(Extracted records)

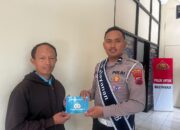 Polantas Menyapa, Satpas Karanganyar Berikan Pelayanan BPKB Balik Nama Secara Humanis dan Transparan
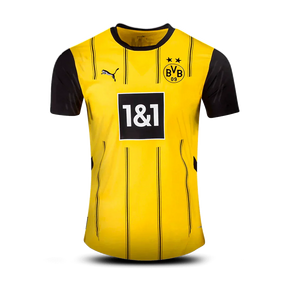 Camisa do Borussia Dortmund 2024/25 Home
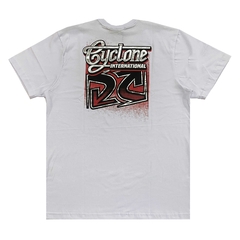 Camiseta Cyclone Branca 010238200 Original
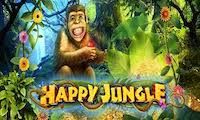 Happy Jungle Deluxe slot by Playson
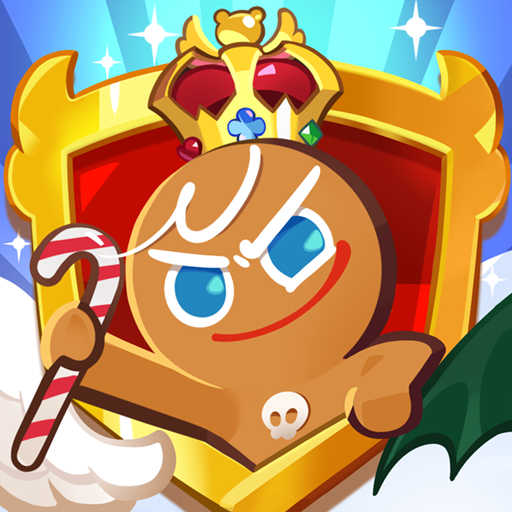 Cookie Run: Kingdom Mod Logo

» **Task**: Transcribe every record above in full. Pictures stay out of the copy.

» **Finished task**:
 Polantas Menyapa, Satpas Karanganyar Berikan Pelayanan BPKB Balik Nama Secara Humanis dan Transparan
 Camisa do Borussia Dortmund 2024/25 Home
 Camiseta Cyclone Branca 010238200 Original
 Happy Jungle Deluxe slot by Playson
 Cookie Run: Kingdom Mod Logo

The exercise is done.